ABOUT THIS EXERCISE:
In the entries below, find the line with "Gallinero con ponedero" and the line with "ShadeGlow - Lampe". Return those two lines and all lines between them, exactly.

SOURCE MATERIAL:

******

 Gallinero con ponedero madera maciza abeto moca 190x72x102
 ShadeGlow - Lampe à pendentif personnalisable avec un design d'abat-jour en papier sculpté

******

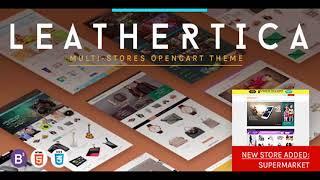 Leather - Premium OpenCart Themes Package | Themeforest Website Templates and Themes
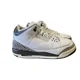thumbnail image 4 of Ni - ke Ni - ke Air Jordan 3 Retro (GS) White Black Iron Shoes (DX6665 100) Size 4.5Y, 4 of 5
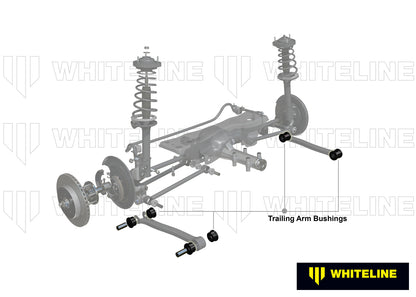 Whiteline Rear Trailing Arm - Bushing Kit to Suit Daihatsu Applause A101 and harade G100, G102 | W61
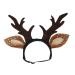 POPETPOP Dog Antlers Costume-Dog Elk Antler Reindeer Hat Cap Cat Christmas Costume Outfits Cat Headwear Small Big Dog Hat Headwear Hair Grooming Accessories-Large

******

EXERCISE ANSWER:
 Gallinero con ponedero madera maciza abeto moca 190x72x102
 ShadeGlow - Lampe à pendentif personnalisable avec un design d'abat-jour en papier sculpté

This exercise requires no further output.